- **WHAT IS REQUIRED**
Reproduce the records below in full and exactly, without their images.

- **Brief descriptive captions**
_ _ _ _ _
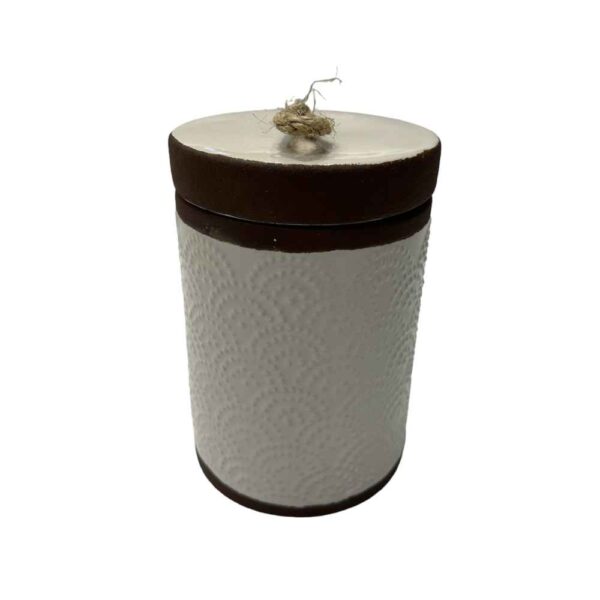 Ceramic Canister - Ideal for Kitchen Storage & Organization, Embossed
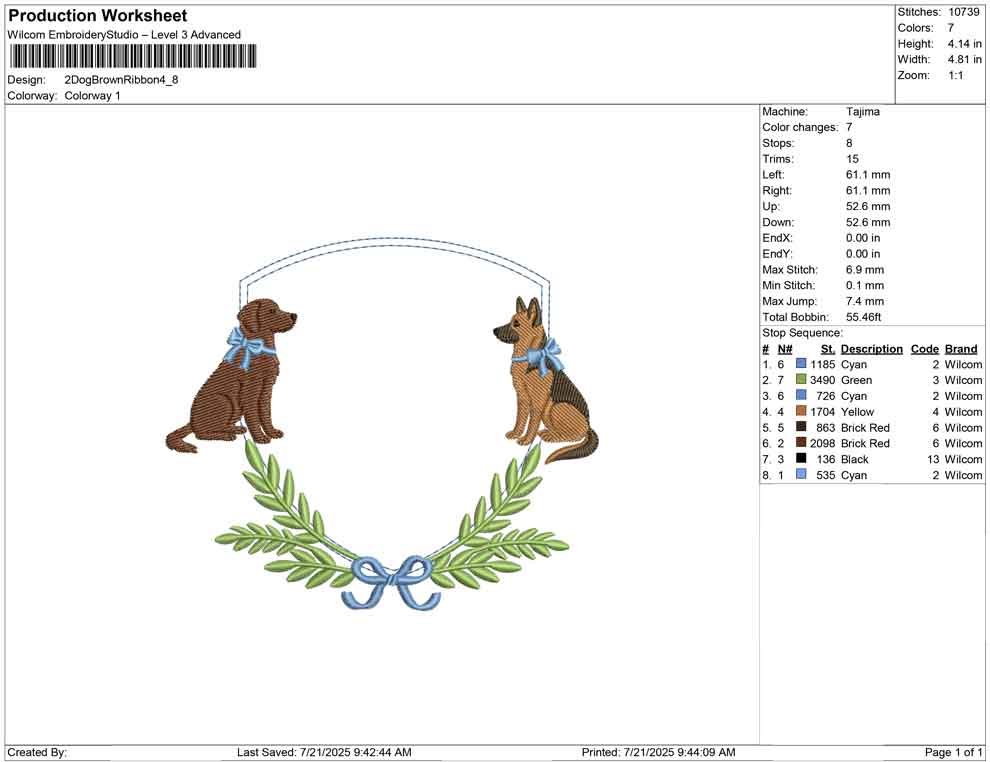 2 Dog Brown Ribbon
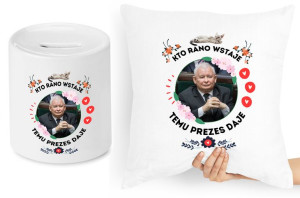 Jarosław Kaczyński Zestaw Poduszka + Skarbonka
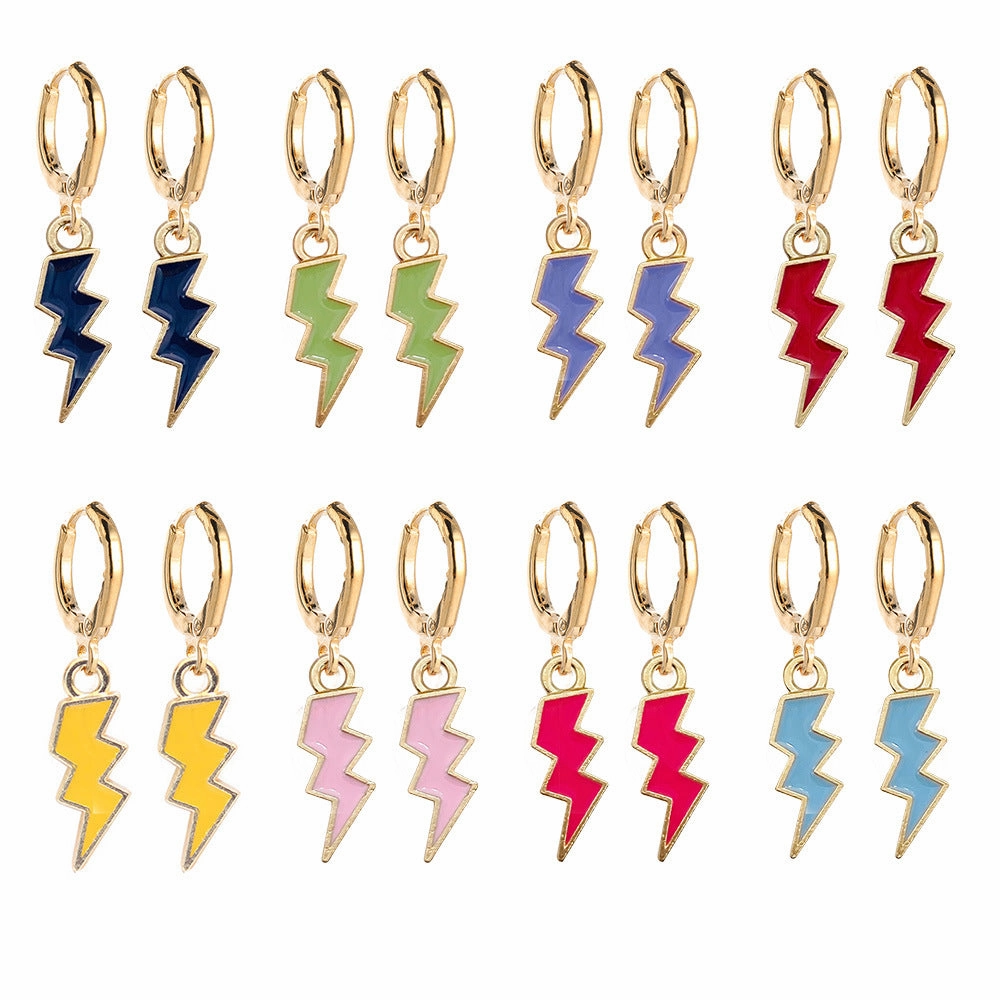 Wholesale Color Lightning Alloy Earrings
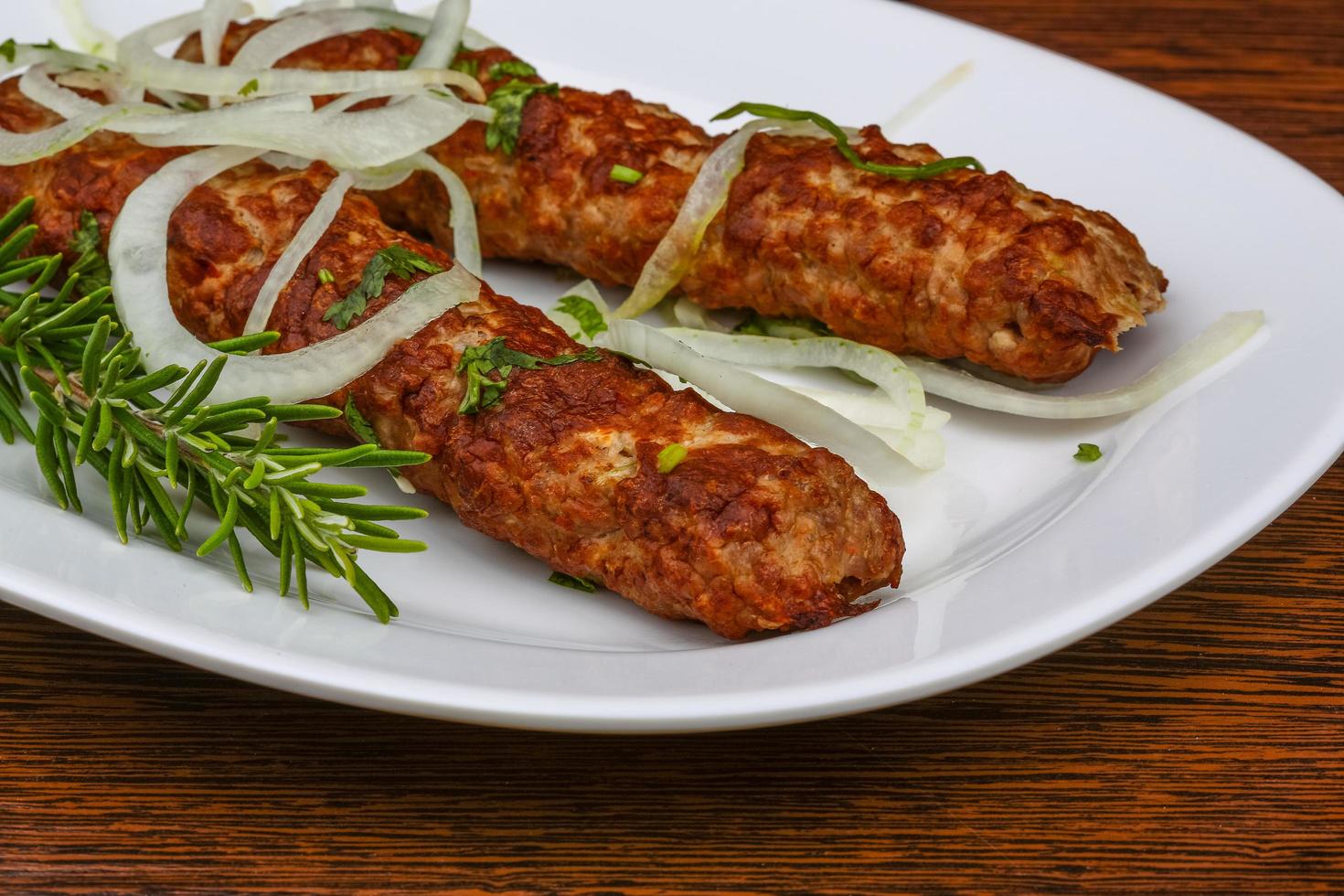 Beef kebab dish photo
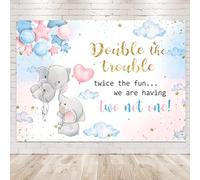 Newsely Double The Trouble Twice The Fun Twins - Fondo para decoración de Baby Shower, 7 Pulgadas de Ancho x 5 Pulgadas de Alto, fotografía de Elefante, revelación de género, Fondo Azul y Rosa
_ _ _ _ _
- **YOUR RESPONSE**
 Ceramic Canister - Ideal for Kitchen Storage & Organization, Embossed
 2 Dog Brown Ribbon
 Jarosław Kaczyński Zestaw Poduszka + Skarbonka
 Wholesale Color Lightning Alloy Earrings
 Beef kebab dish photo
 Newsely Double The Trouble Twice The Fun Twins - Fondo para decoración de Baby Shower, 7 Pulgadas de Ancho x 5 Pulgadas de Alto, fotografía de Elefante, revelación de género, Fondo Azul y Rosa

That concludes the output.